**Problem to solve**
Using the entries below, copy exactly each line from the line with "A close-up of" up to and including the line with "Romantic Couple Embracing by Ocean at Sunset", with every picture left out.

*** Opening Recorded data ***

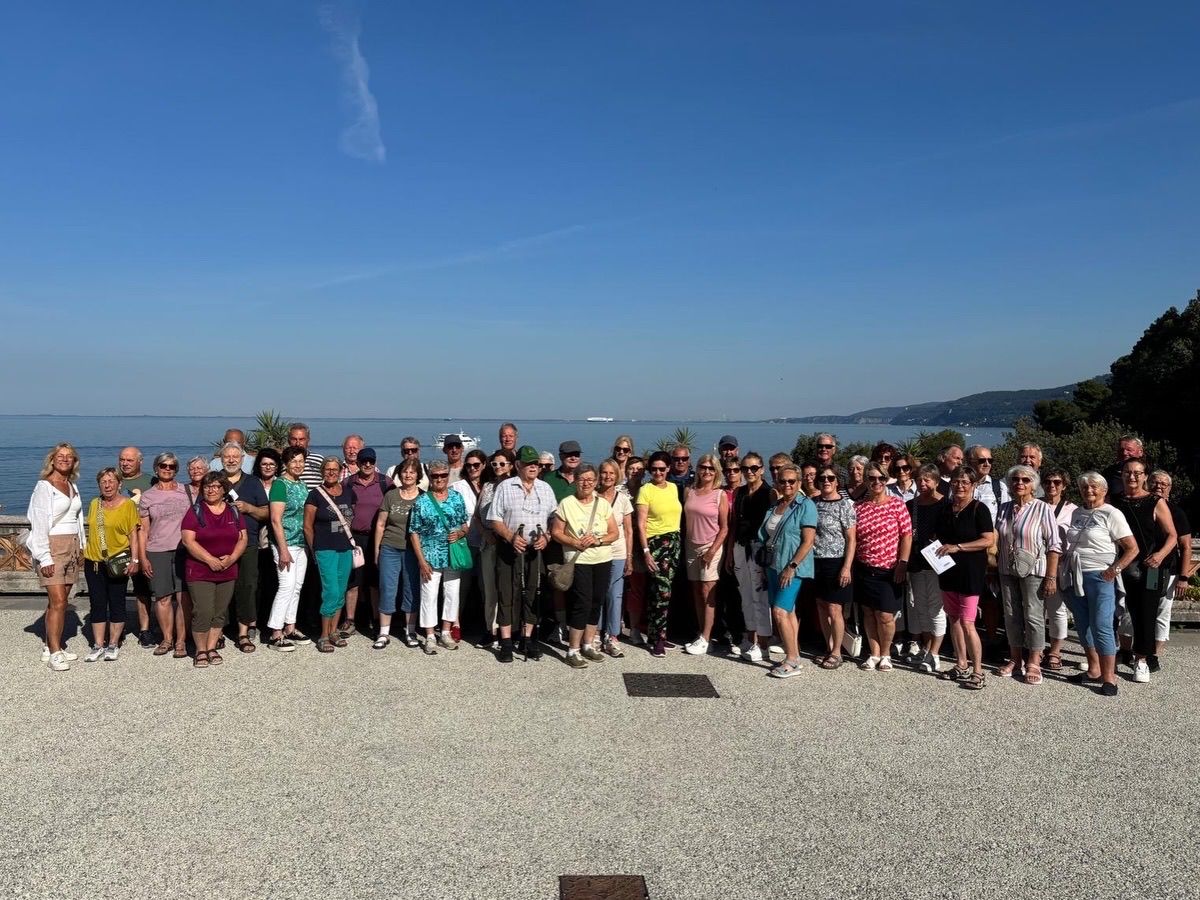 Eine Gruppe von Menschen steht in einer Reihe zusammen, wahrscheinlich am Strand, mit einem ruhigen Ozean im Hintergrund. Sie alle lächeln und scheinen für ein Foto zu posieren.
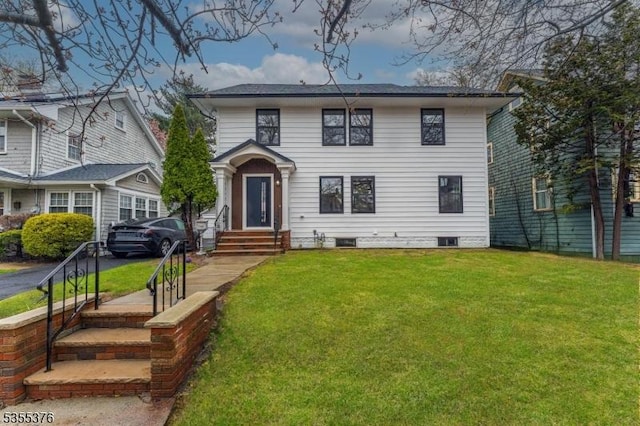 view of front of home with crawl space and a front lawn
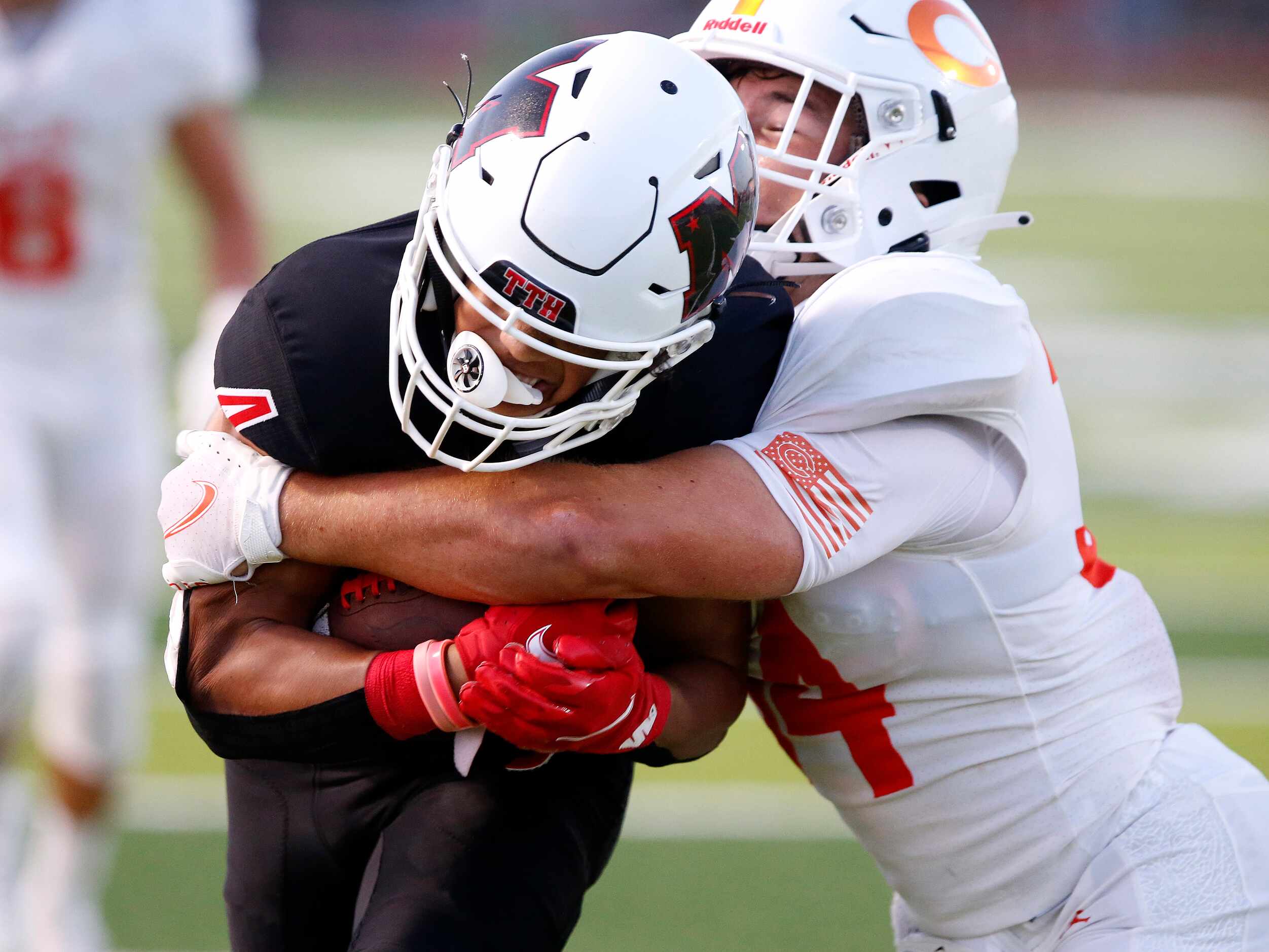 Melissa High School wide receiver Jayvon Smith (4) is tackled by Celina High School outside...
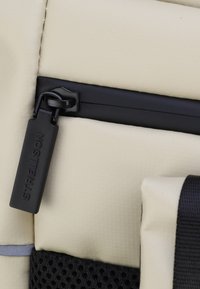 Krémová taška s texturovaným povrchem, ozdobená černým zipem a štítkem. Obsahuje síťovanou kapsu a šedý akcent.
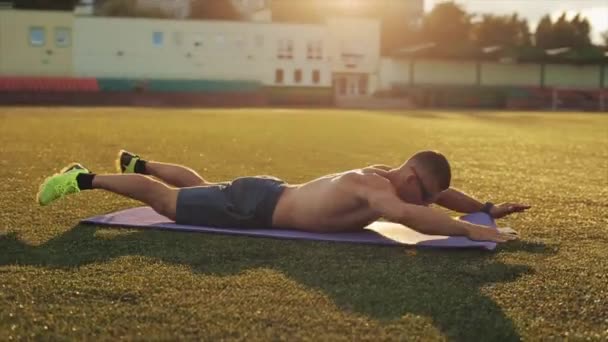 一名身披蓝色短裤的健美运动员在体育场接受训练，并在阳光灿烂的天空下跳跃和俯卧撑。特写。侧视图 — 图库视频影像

*** Closing Recorded data ***
*** Opening Recorded data ***

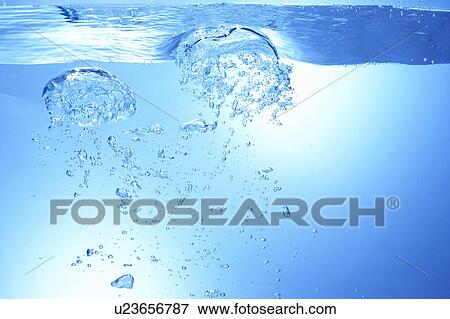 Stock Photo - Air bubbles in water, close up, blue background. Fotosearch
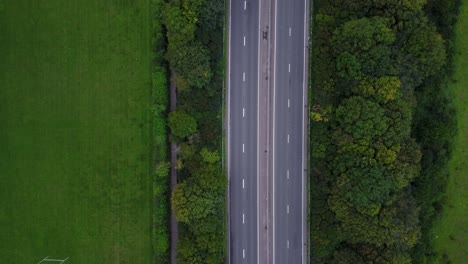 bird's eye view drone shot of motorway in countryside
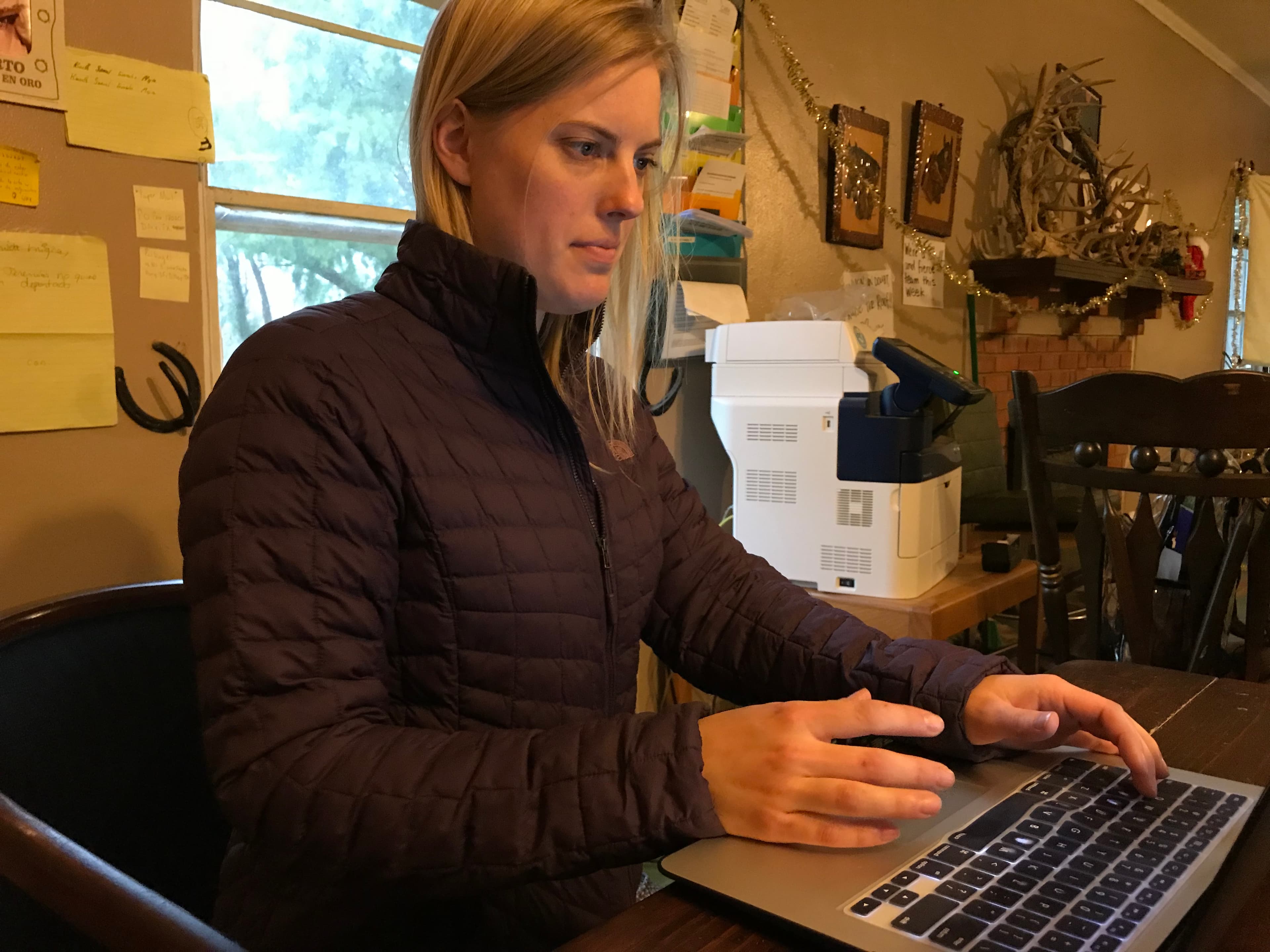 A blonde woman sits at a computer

*** Closing Recorded data ***
*** Opening Recorded data ***

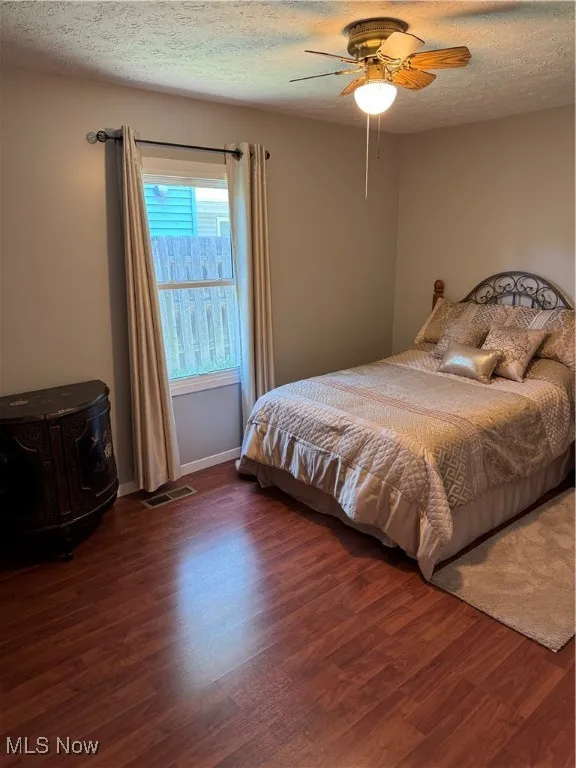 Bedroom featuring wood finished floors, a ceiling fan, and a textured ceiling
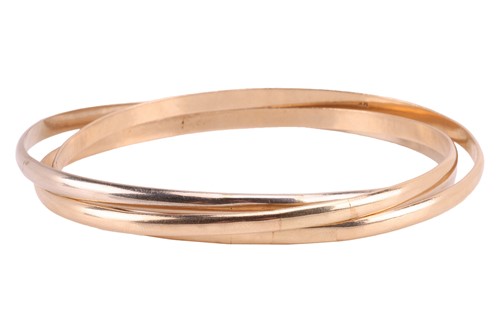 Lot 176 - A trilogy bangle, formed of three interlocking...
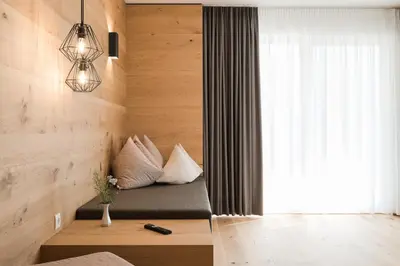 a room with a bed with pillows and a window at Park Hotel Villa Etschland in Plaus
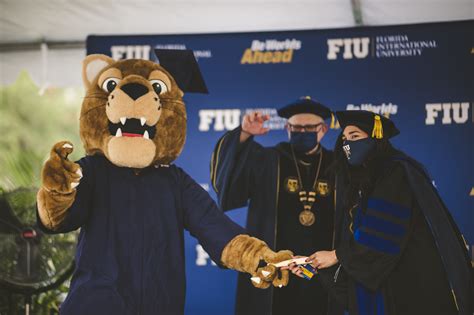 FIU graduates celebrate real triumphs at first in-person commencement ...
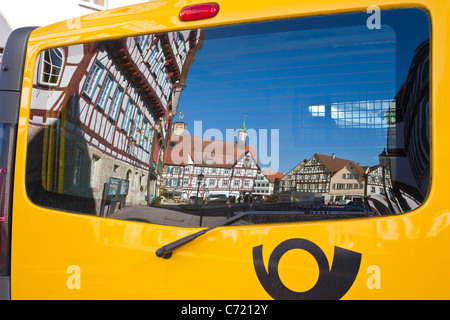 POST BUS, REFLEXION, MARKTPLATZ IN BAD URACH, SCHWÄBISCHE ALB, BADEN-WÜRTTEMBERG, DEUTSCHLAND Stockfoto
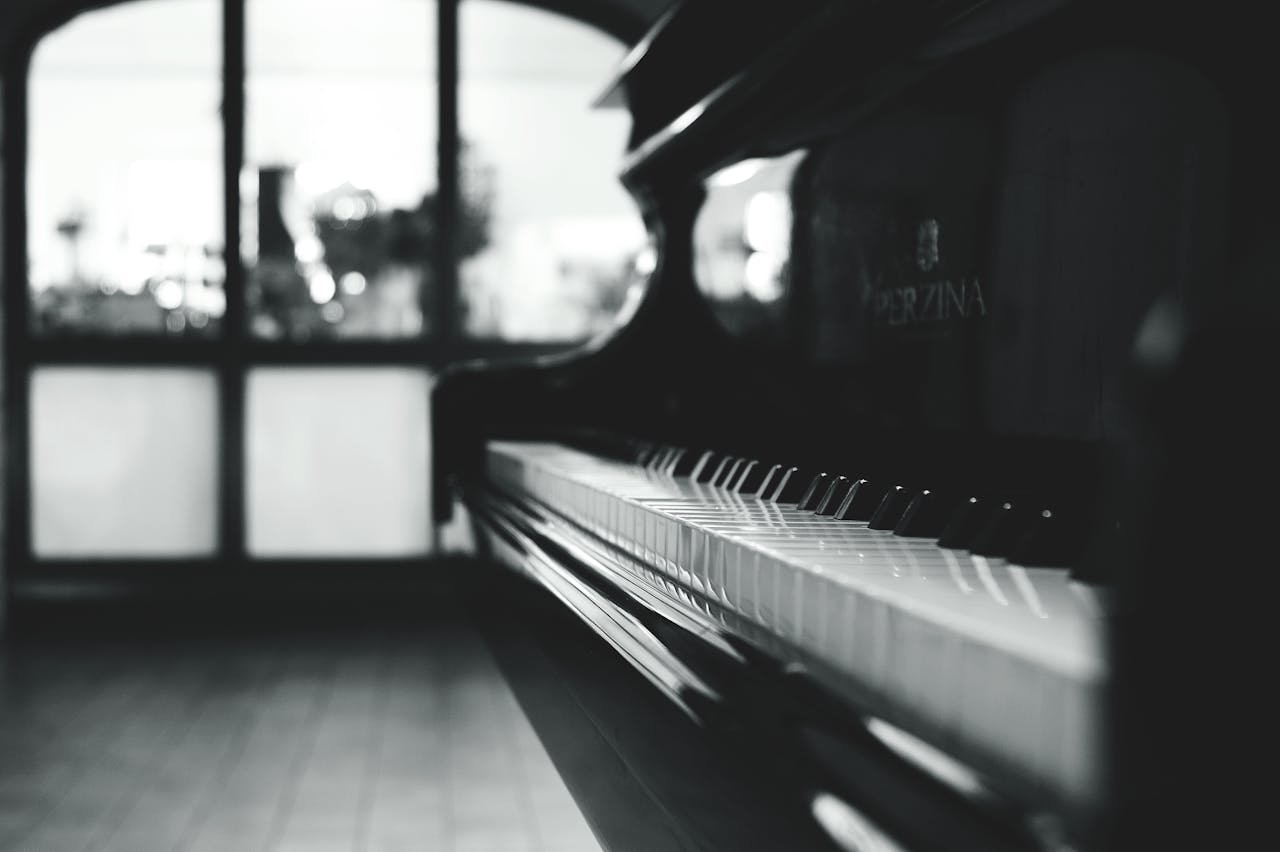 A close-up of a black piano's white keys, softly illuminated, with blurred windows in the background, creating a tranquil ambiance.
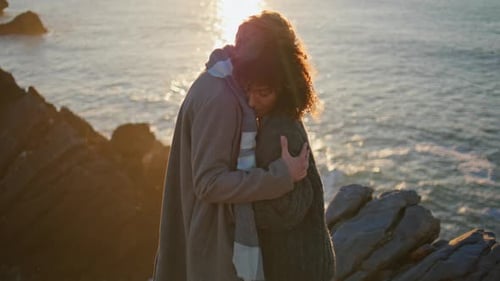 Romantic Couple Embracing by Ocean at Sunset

*** Closing Recorded data ***

**Expected answer**
 A close-up of a black piano's white keys, softly illuminated, with blurred windows in the background, creating a tranquil ambiance.
 Romantic Couple Embracing by Ocean at Sunset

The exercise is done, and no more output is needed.